O povo quer bom teatro. Se
não vai lá, é que não tem mesmo não sabe, não foi industriado na arte de pensar
um espetáculo, porque ir ao teatro é como ouvir boa música, e aprende.
Mais um indício de tal
interesse eu tive, um dia desses, quando, depois da publicação de uma cena de
Gil Vicente, várias pessoas vieram a mim, numa curiosidade nem sintomática:
“Lindanor, tu és dessas coisas, me conta como é mesmo do teatro de vocês, e
conta, que nós queremos ver”.
Expliquei, repetindo mais ou
menos o que os jornais têm dito, o que o professor Amir Haddad tão bem explanou
em entrevista a um dos nossos matutinos: que está a primeira exibição (após um
curto ano letivo – seis meses apenas) do Curso de Iniciação Teatral da
Universidade do Pará. Espécie de teste público, onde o examinador será a
própria plateia. São quatro peças, mas não se assustem, cada uma é um ato.
Através dela o povo verá o fruto de seis meses de aula do prof. Amir Haddad a
seus alunos, alguns dos quais jamais haviam pisado num palco.

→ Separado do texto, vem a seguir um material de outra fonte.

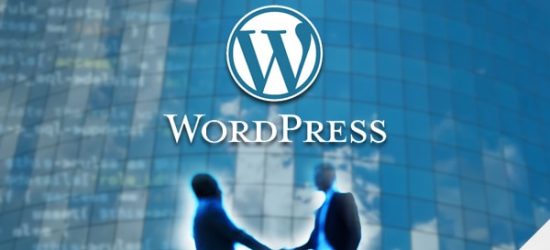 Wordpress Development Specialist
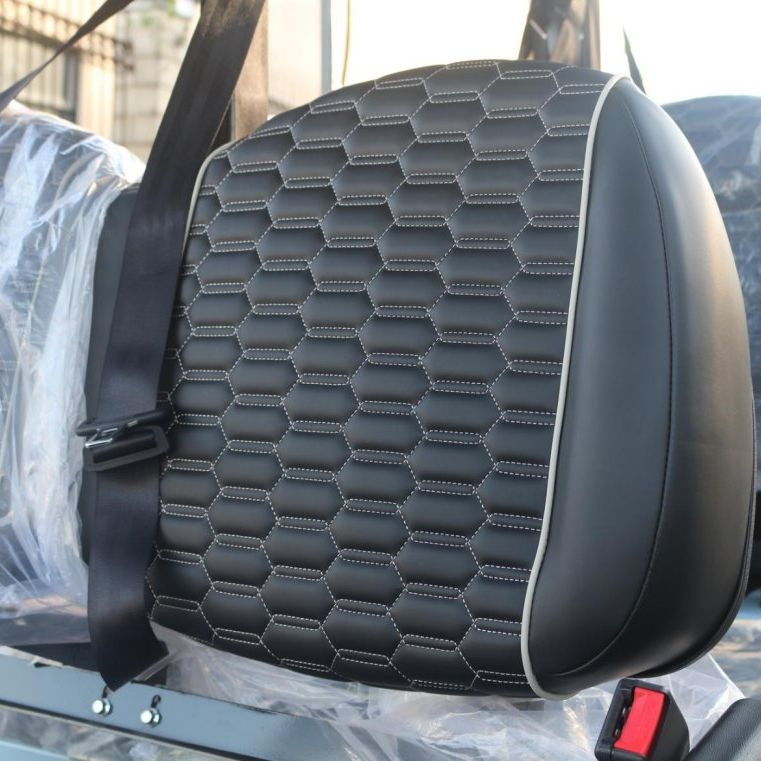 LVZO Attractive Ultra-Comfort Premium Electric Golf Cart with Extended Range
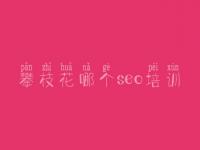 攀枝花哪个seo培训，手机版网站建设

Uma pena eu tenho, mas isto
é uma velha lamúria: não vermos esse espetáculo no Teatro da Paz. Paciência. A
direção e os artistas farão p milagre no auditorium da SAI. Porque os
prodígios, mormente os de boa vontade, existem, são deste mundo mesmo, depende
de se querer as coisas com entusiasmo e paixão.
Ora pois, é o público, é
você, leitor quem vai apreciar o trabalho dessa equipe. Contamos com você, na
certeza de que não nos faltará, nessa temporada teatral de 10 a 15 deste mês,
na SAI. Para dizer um SIM animador aos que lutam por alfo de nobre e verdadeiro
neste Pará. Afirmar-lhes que pedem e devem prosseguir, que não estão sós, mas
que têm a seu lado a maior força que existe – o povo (até parece discurso
político, mas embarquei sem querer nesse tom e nele vou até o fim). Este povo
injustamente acusado de só divertir com o grasnar de Zé Trindade, as banhas de
Violeta Ferraz ou com as piadas salgadíssimas de Milton Carneiro. Público
malamado, se recorreu a tão sucedâneos da arte, é que praticamente não lhe
ofereceram mais nada. Do momento em que tiver alfo de bom para aplaudir, ali
estará, rente. Porque, isto eu sinto, o povo, em derradeira análise tem em sim,
ainda que em germe, escondidinho, o gosto, o saber despertar esse amor.